Monday, June 6, 2011

Confession: I Still Don't Own a Digital Camera

I found this old commercial for Polaroid's landmark SX-70s instant camera:



It's 2011, and I still do not own a digital camera. I used to wear this as a badge of cool, but now it's simply part of who I am. And while I tend to ignore how film cameras currently hold some kind of hipster cachet, the primary reason I do not have a digital camera is I like all aspects of photography: the tactile pleasure of snapping open a film canister and loading into a camera, measuring light, f-stops -- things that have gone the way of the dinosaur in favor of digital photography's convenience. Plus there's an almost buttery quality to a really well done conventional C-print that I rarely see in digital prints, even good ones.

If this makes me a snob or a luddite, well, I guess I have to own that.

The thing is, it's the only outdated technology I desperately cling to. I had no issues forgoing CDs for iTunes, and I'm definitely planning on buying a kindle before the year is out. I had a cell phone long before it was a prerequisite for modern living -- it was as big as a man's shoe and just as heavy. So it's not as if I am afraid to embrace new technology, I'm just not embracing this one. And as long as I can buy film online, or at the handful of places in my city that still cater to us film dinosaurs, I will.

(Recently, two long-time favorites bit the dust: Kodak's iconic slide film, Kodachrome, and Polaroid's instant film. As a child of the 70s and 80s, the latter was the bigger blow. It's funny, now, speaking of it as a "classic," when during peel-apart film's introduction, it was commonly thought to eventually replace conventional film.)
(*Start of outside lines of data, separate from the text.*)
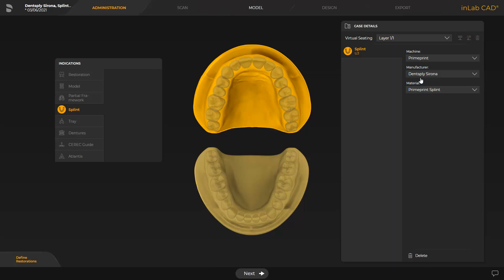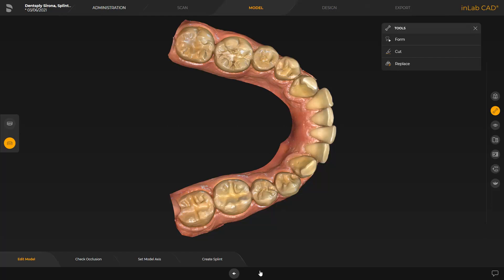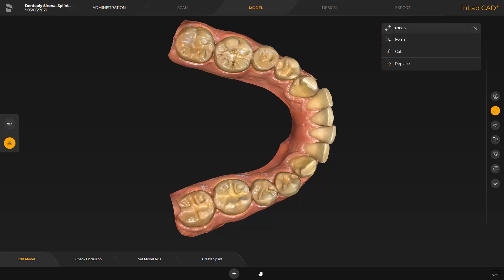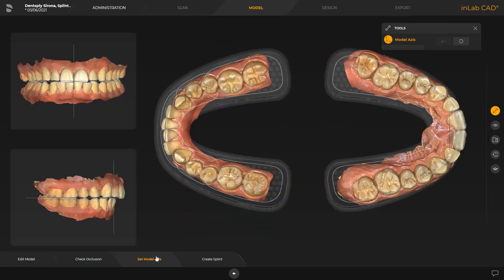Since we are working with intraoral scan data, this phase is grayed out and we proceed directly with the model phase. The InLab software guides us to the step Edit Model. With the different tools, we could edit the model data if desired. In our case, we continue with the Set Model Axis step. The model axis is automatically suggested by the software. If needed, it can be redefined in the three different views. This alignment is required to calculate optimal initial suggestions. Finally, we tap on the last step, Create Splint.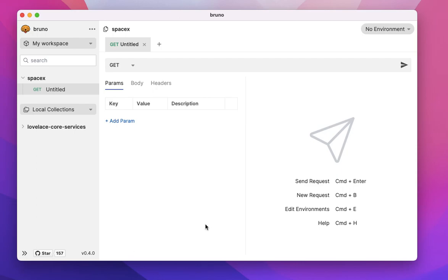Hey everyone, this is Anoop. Today I'd like to show you a recent feature that I've built in Bruno. It is support for exploring GraphQL APIs. Let me show you a demo of this.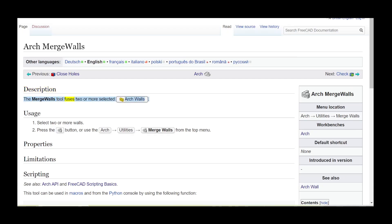The Merge Walls tool fuses two or more selected Arch walls. To use it, select two or more walls, then press the button or use the Arch Utilities menu and choose Merge Walls from the top menu.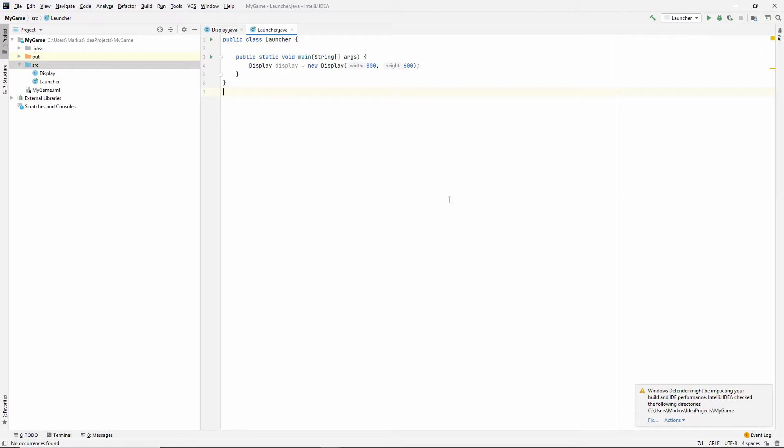But the main ones seem to be variable time steps, semi-fixed time steps, and fixed time steps. And what I've decided to go with is a fixed time step.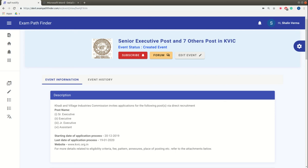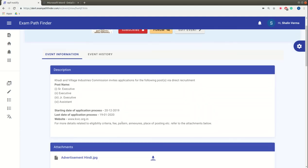So, on the official website, candidates can log in and fill the online application form. The website is kvic.org.in for the candidate.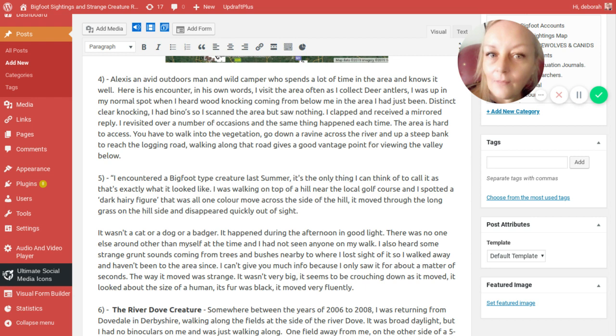As Alex described it to me, he said you had to go off path, down a steep ravine, cross over the river, up the other side of the very steep ravine, and that would put you on the logging trail there. You would look on either side of the logging trail for deer antlers. The areas are hard to access. You have to walk into the vegetation, go down the ravine, across the river, up a steep bank, and you reach the logging road. As I'm walking along the road it gives a very good vantage point for viewing the valley below. So when he was hearing the wood knocks, he actually scanned below with his binos and said there was no workmen, no loggers, no machinery, no people, couldn't see anything. This happened over a number of occasions. I'm sure that at one point he had a tree limb thrown at him, but I would have to check back with him to be 100% on that.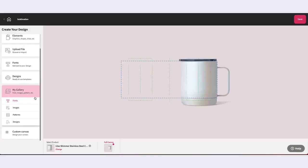Within My Gallery, you will have the ability to access any of your uploaded content, including fonts, images, patterns, and saved designs.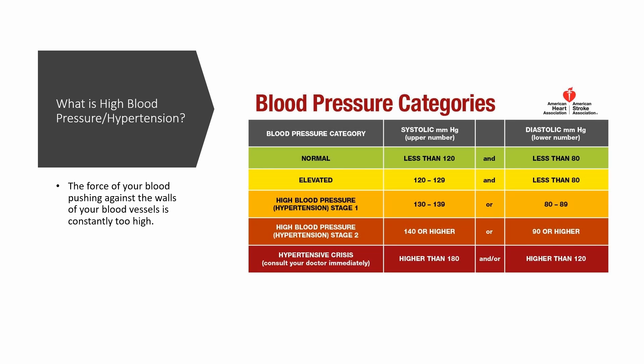On this table, you can see the categories of blood pressure. We'll start with the elevated. For the elevated blood pressure, it ranges from 120 to 129 for the systolic and less than 80 for the diastolic. When you're on that stage of elevated blood pressure, it's likely that you will develop hypertension unless you take the necessary step.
Another reason I've been resistant all these years to buying a digital camera is that when they first hit the market, they were well out of my price range. Photography was always something I did relatively cheaply, buying most of my gear at thrifts and learning how to process my own film. (Thank god for windowless bathrooms.) I liked learning the craft of photography -- it wasn't something just anyone could do. Okay, yeah, anyone could pick up a camera, but that didn't make one a "photographer." As much as can be done with digital photography, a lot of that art is lost.